If the CI provider does not kill the frozen process, you can do it by running the below command in the terminal (when you are ssh-ed into the CI node):

kill -USR1 <process pid>

Alternatively, you can use the timeout program to send the USR1 signal after Knapsack runs too long.

timeout --signal=USR1 600 bundle exec rake "knapsack_pro:queue:rspec[--format d]"

Notice that 600 is in seconds. It sends the signal after 10 minutes of running the command. You may want to adjust that number to ensure the USR1 signal is sent after the process is stuck and not before.

ArturT commented 5 months ago

@rafaeelaudibert Does adding the following help in your case?

KnapsackPro::Hooks::Queue.after_queue do
  SimpleCov.result.format!
end
ArturT commented 5 months ago

I've updated the changelog for the 6.0.4 version to cover breaking changes affecting simplecov users. https://github.com/KnapsackPro/knapsack_pro-ruby/blob/master/CHANGELOG.md#604

I also updated our simplecov docs: https://docs.knapsackpro.com/ruby/simplecov/

and CodeClimate + simplecov docs: https://docs.knapsackpro.com/ruby/code-climate/

ArturT commented 5 months ago

@connorshea I think the issue with hanging tests is unrelated to the original simplecov issue.

We could keep working on resolving hanging tests in the private support email thread that's been going on.

I propose we close this GitHub issue as the original problem is solved.
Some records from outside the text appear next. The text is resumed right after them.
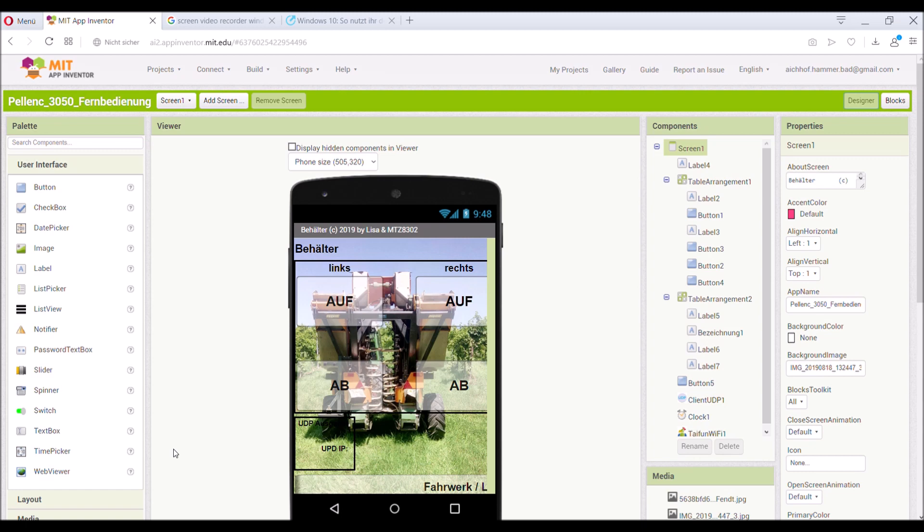The Android app was written by my fourteen-year-old daughter and me. She brought me to the MIT App Inventor, which is quite cool stuff and easy to do such things.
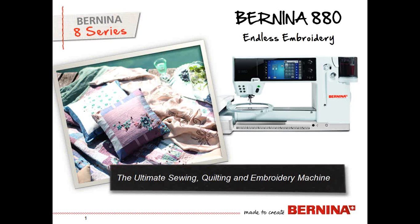The Bernina 880 Endless Embroidery with Susan Fears. Hi, welcome everyone.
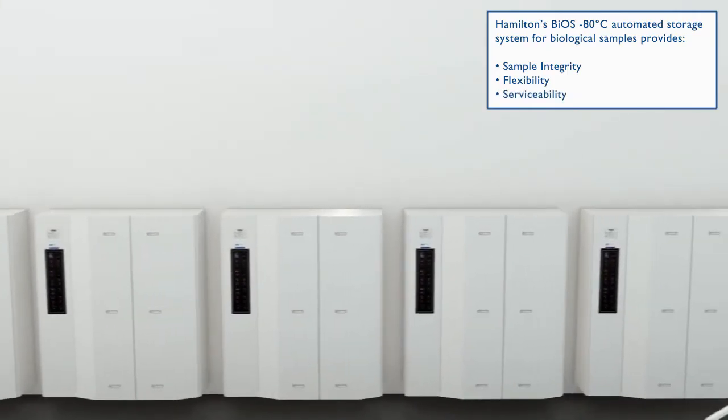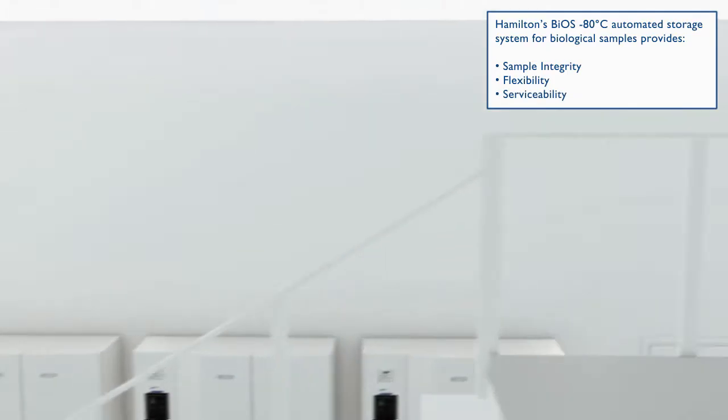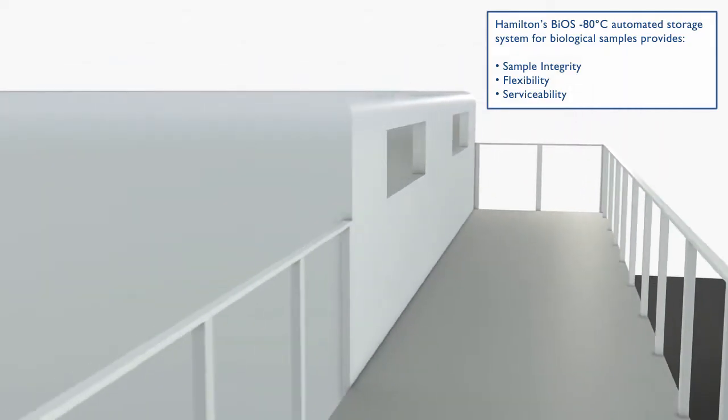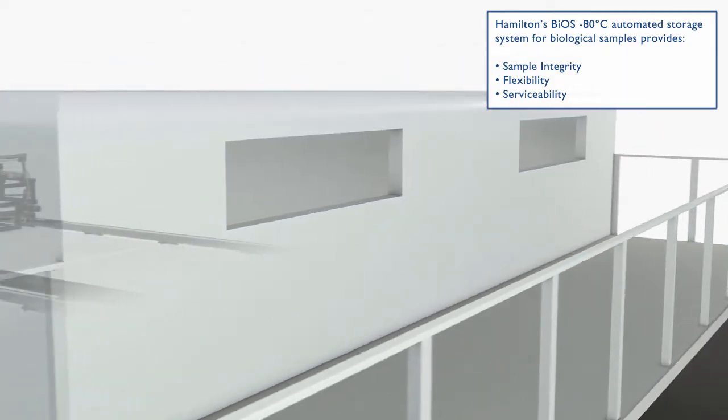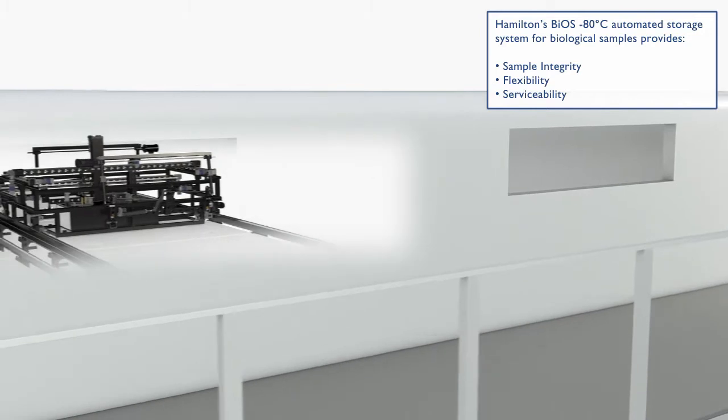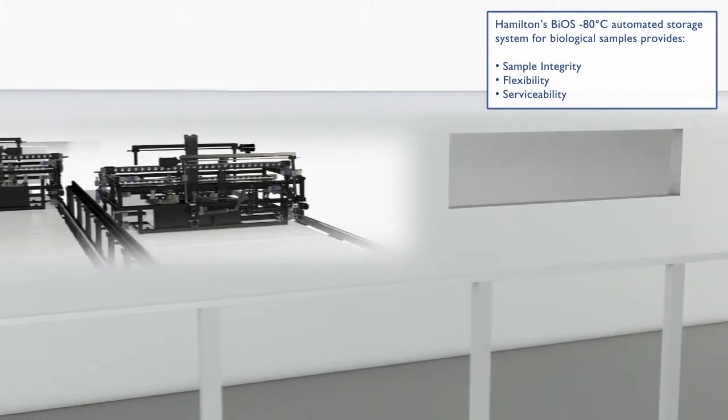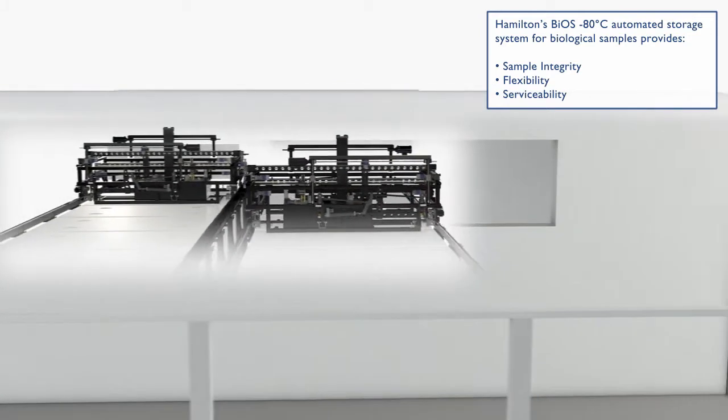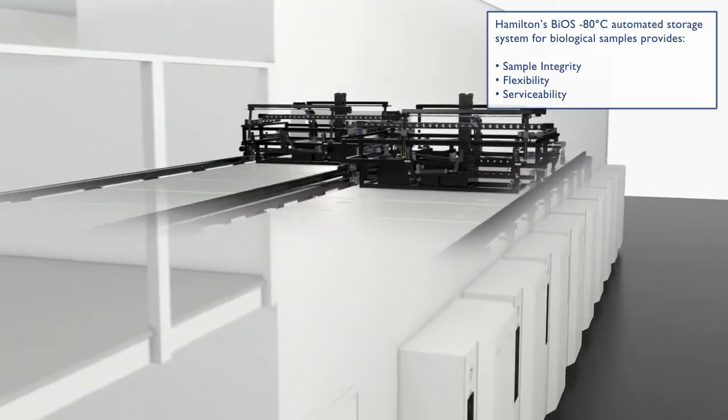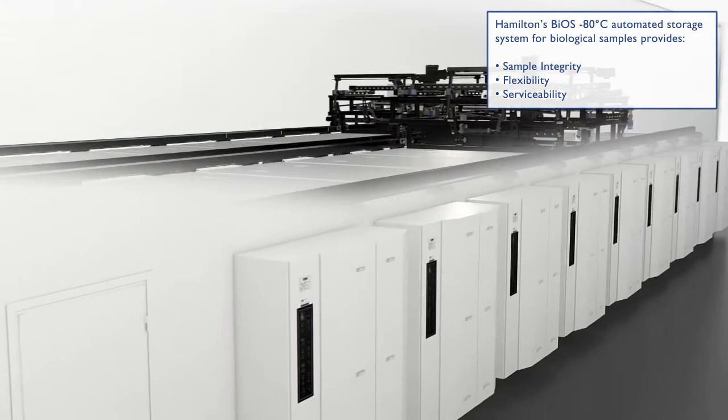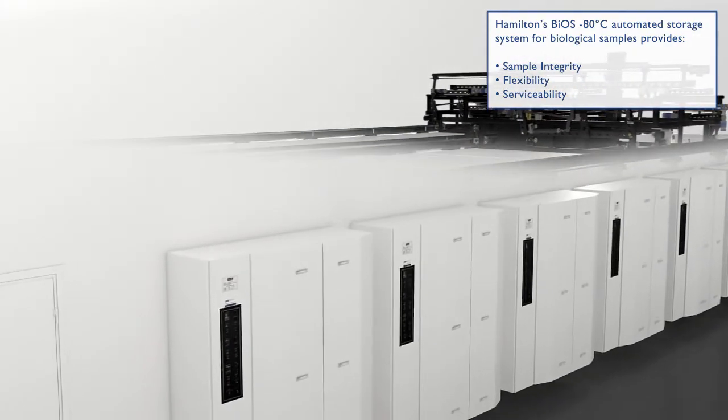BIOS protects biological samples by providing unparalleled temperature stability. BIOS provides outstanding flexibility in terms of scalability, field upgradability, and usage of all kinds of tubes and plates. BIOS is designed for easy servicing while keeping your samples safe.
connorshea commented 5 months ago

I've updated the changelog for the 6.0.4 version to cover breaking changes affecting simplecov users. https://github.com/KnapsackPro/knapsack_pro-ruby/blob/update-changelog-simplecov/CHANGELOG.md

I also updated our simplecov docs: https://docs.knapsackpro.com/ruby/simplecov/

and CodeClimate + simplecov docs: https://docs.knapsackpro.com/ruby/code-climate/

That first link is broken now since the branch was merged

@connorshea I think the issue with hanging tests is unrelated to the original simplecov issue.

We could keep working on resolving hanging tests in the private support email thread that's been going on.

I propose we close this GitHub issue as the original problem is solved.

That's fair! I'm fine with us closing this one unless Rafael needs any further help.

connorshea commented 5 months ago

I'll try the debugging steps you mentioned a bit later, I think switching to Regular Mode and forgoing code coverage has solved the issue we were having for now, regardless.

ArturT commented 4 months ago

That first link is broken now since the branch was merged

@connorshea Good catch!

I've updated my comment and the link.